The main year-over-year changes between full year '22 and full year '21 are as follows, grant revenue of $224,000 was reported related entirely to CPRIT. Total operating expenses for full year 2022 were $19.9 million compared to $12.5 million for the prior year.

The 2022 total included 2 main areas of spend that were one-off in nature. The first area of increase was CMC spend related to the development of GMP quality drug and key regulatory consulting activities necessary to advance the Phase II GBM clinical trial. These expenses were over $4 million in 2022. 2023 spend related to these activities is forecast to be less than $500,000.

In addition, and to a lesser extent, the company had a forecasted increase in litigation and legal spend related to a legal settlement disclosed in Form 10-K. The net result is that we expect an overall decrease in total burn in 2023 based on our currently disclosed milestones.

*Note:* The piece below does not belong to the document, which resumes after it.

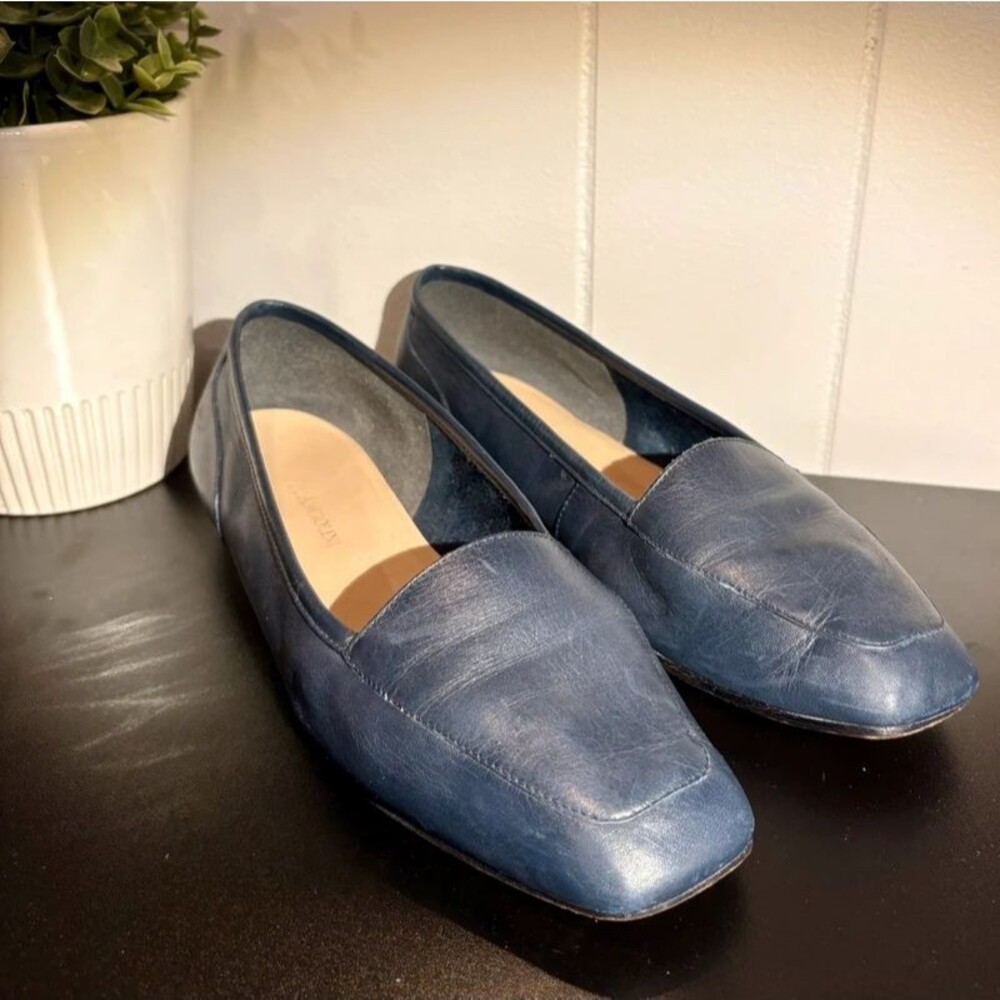 Enzo Angiolini Liberty Womens Loafers Size 8M Navy Blue Leather Square Toe Flats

Interest expense decreased from $932,000 for full year 2021 to $711,000 for full year 2022. This decrease reflects the continued principal paydown that commenced in November '21 on the company's Oxford debt.

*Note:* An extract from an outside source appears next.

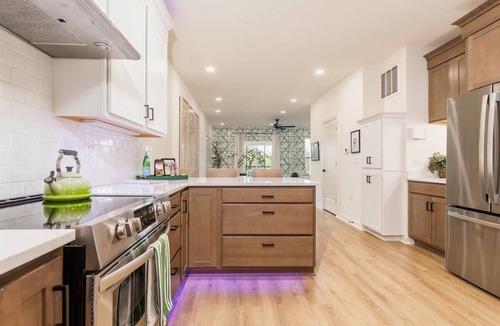 Mid America House | Lakefront Luxury Condos with Pool and Fire Pit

Net loss for full year 2022 was $20.3 million or $0.77 per share compared to a net loss of $13.4 million or $1.11 per share for full year 2021.

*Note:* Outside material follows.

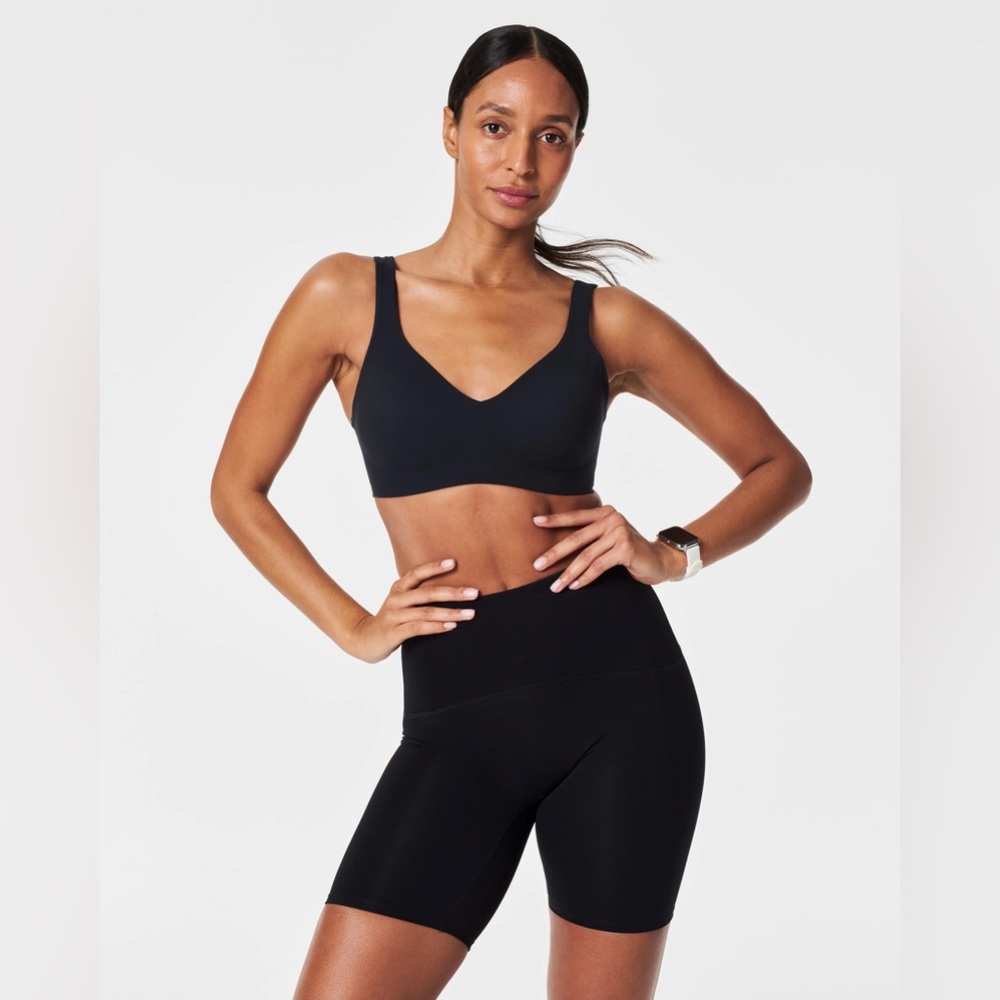 SPANX Very Black Low-Impact Sports Bra size L NWT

Now I'll turn it back to Marc.

Thank you, Andrew. Before we move on to Q&A, allow me to provide a very detailed guidance on anticipated milestones for 2023.

First of all, we intend to expand the glioblastoma clinical trial sites and make meaningful enrollment progress with ReSPECT GBM Phase II trial to support a target completion of enrollment date by the end of the year 2024.

We also plan to publish the ReSPECT Phase I GBM data in a high-impact factor peer-reviewed journal. We also plan to present clinical, safety and efficacy data of the Phase I and Phase II ReSPECT GBM trials in the second half of 2023.

In terms of LM leptomeningeal metastases, our plan is to complete enrollment in the Phase I Part A of the ReSPECT LM trial and begin enrollment in the Phase I Part B. We also intend in the ReSPECT LM trial to expand the number of clinical trial sites to support that expansion into Part B of that Phase I.

Also in the second half of 2023, we'll present clinical safety and efficacy data based on the Phase I Part A of the ReSPECT LM trial.

As per the CPRIT grants, we will explore potentially synergistic drug combination studies of locally delivered rhenium obisbemeda, coupled with promising systemic therapies in relevant preclinical models of leptomeningeal disease.

We also will initiate the IND to treat pediatric patients with a ependymoma in high-grade glioma and begin enrollment. The first clinical trial site should be Northwestern in the Lurie children's hospital.

In conjunction with the FDA, we intend to finalize the regulatory designation for the 188RNL-BAM technology and complete key developmental activities this year.

Furthermore, we think in 2023, there are opportunities to execute corporate partnerships to expand the business opportunities for Plus' unique CNS oncology platform. And then finally, building our success with CPRIT, we intend to submit multiple grants to raise non-dilutive capital to support expansion of the company's drug development pipeline.

So with that behind us, let me turn this back over to Andrea for the Q&A session. Andrea?

(Operator Instructions) Our first question comes from Justin Walsh with Jones Trading.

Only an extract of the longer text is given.